Directions for this task:
What is needed is the exact text of each line in the listing below from the one with "So do yourself" up to and including the one with "The noise cancellation", and no pictures.

Given data:
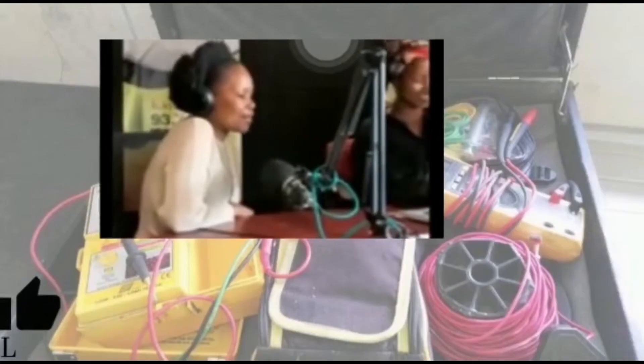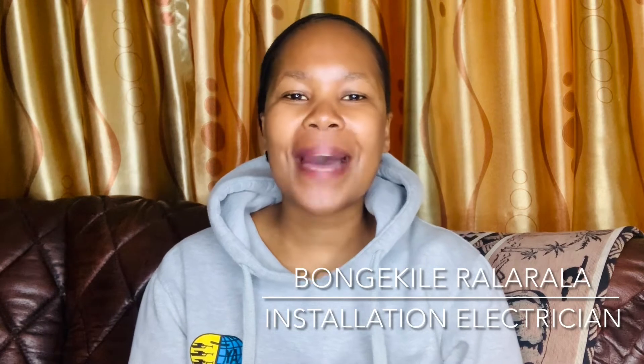Hello everybody, welcome to Taking the College Route with Bongi. Today we are going to be talking about earthing and bonding. This video is long overdue, but I have a good reason why I didn't make it yet — I wanted to go for the earthing and bonding course so I could come back and give you guys professional advice. But since I'm not going for that course anytime soon, I decided to make this video because it's important for everyone who consumes electricity.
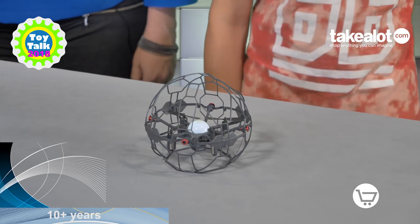Great for flying indoors, and it comes with replacement rotors. Thank you, Declan, for showing us how to do this. If you want to get hold of your Supernova, go on to the Nicky Bush store at takealot.com.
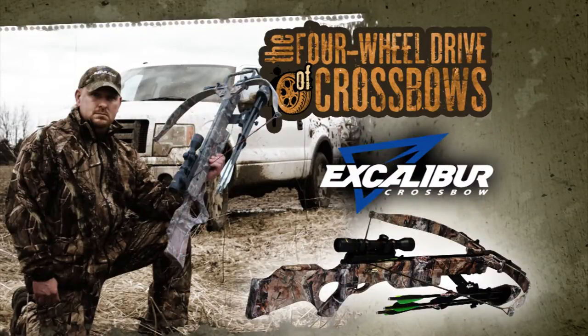So do yourself a favor and pick up an Excalibur, and find out why they're the four-wheel drive of crossbows.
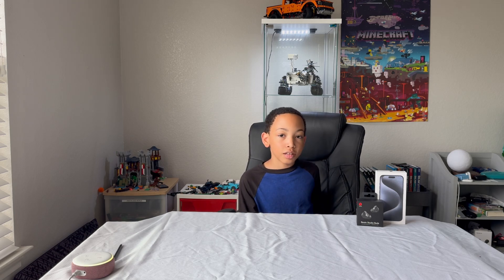The noise cancellation isn't class-leading, but does a semi-good job at what it does. You might find it lacking compared to some of the more expensive options, but it is a solid feature for the price of these Beats.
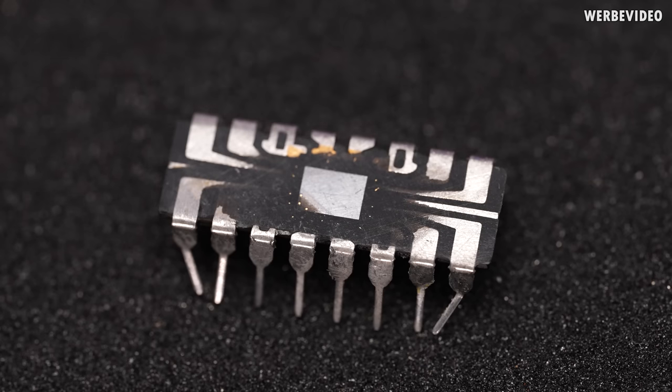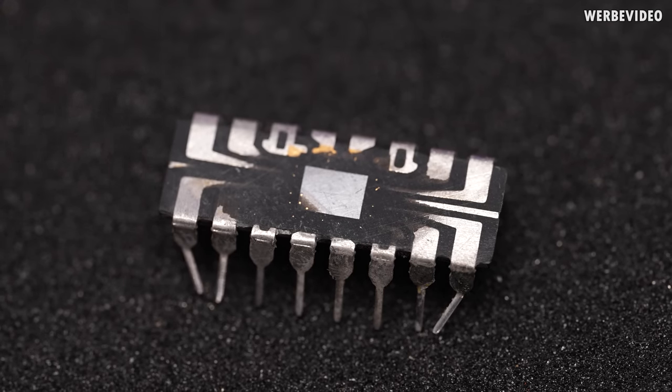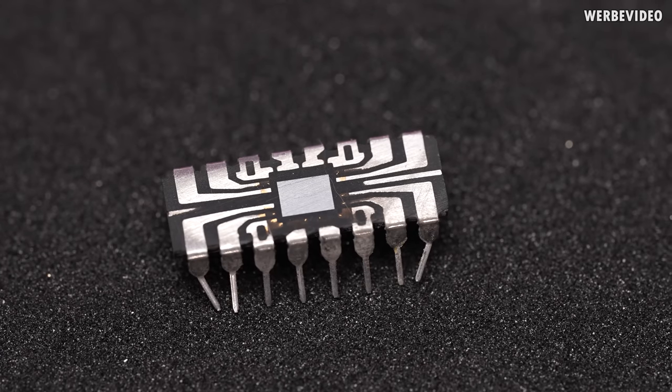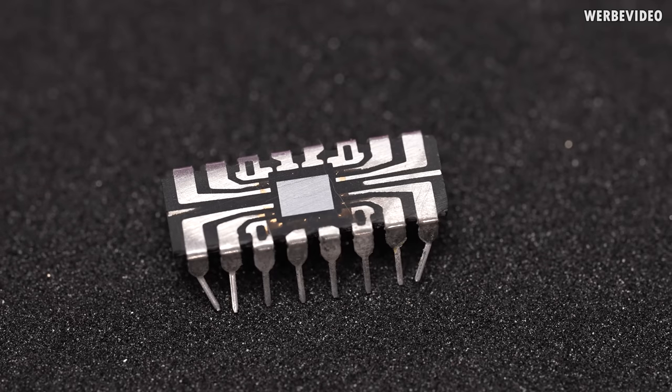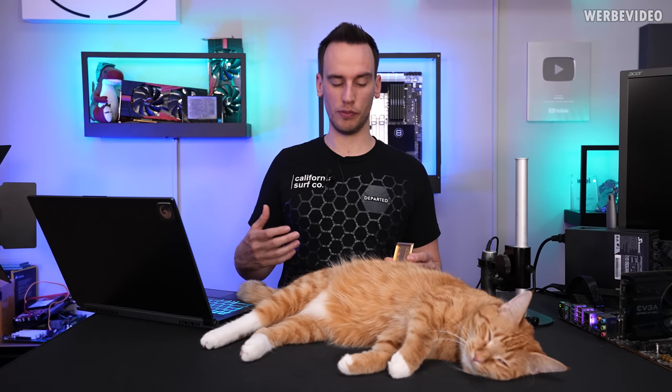My original plan was to decap one of the 4004 CPUs, remove the die from the center, send it to TESCAN to get some transistor analysis, SEM pictures and all this stuff, but then it turns out it's not that easy to decap one of these chips, at least not for me.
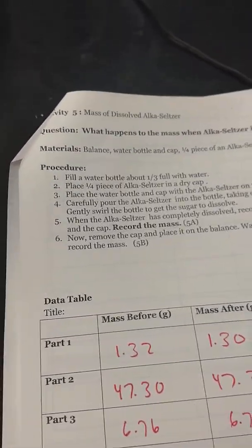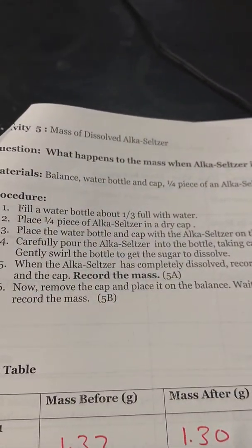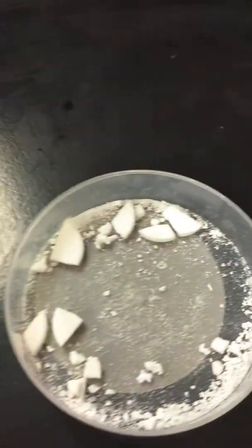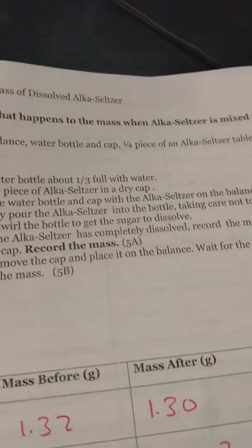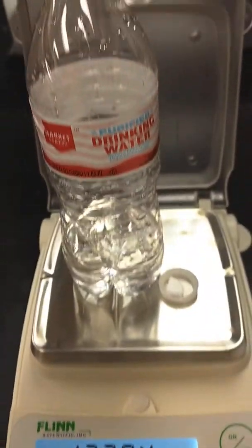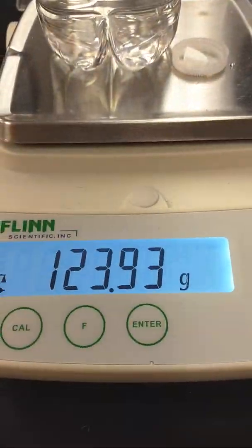Now we're on the last part, which actually has two parts to it. You're supposed to get the water bottle, which I've rinsed out, fill it again a third full, and then put a piece of Alka-Seltzer — already cut into fourths — into the dry cap. First I have to mass it, and then I'm going to add it to the water and see if there's a difference. So there's the water, there's the Alka-Seltzer, there's the mass.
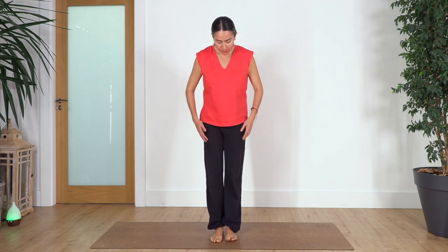Hi everybody, welcome back to Sacred Body Studio, my name is Fabi. We're going to start our mirror routine — today is about our legs, our mobility, and our hips as well.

Solution to the problem:
So do yourself a favor and pick up an Excalibur, and find out why they're the four-wheel drive of crossbows.
The noise cancellation isn't class-leading, but does a semi-good job at what it does. You might find it lacking compared to some of the more expensive options, but it is a solid feature for the price of these Beats.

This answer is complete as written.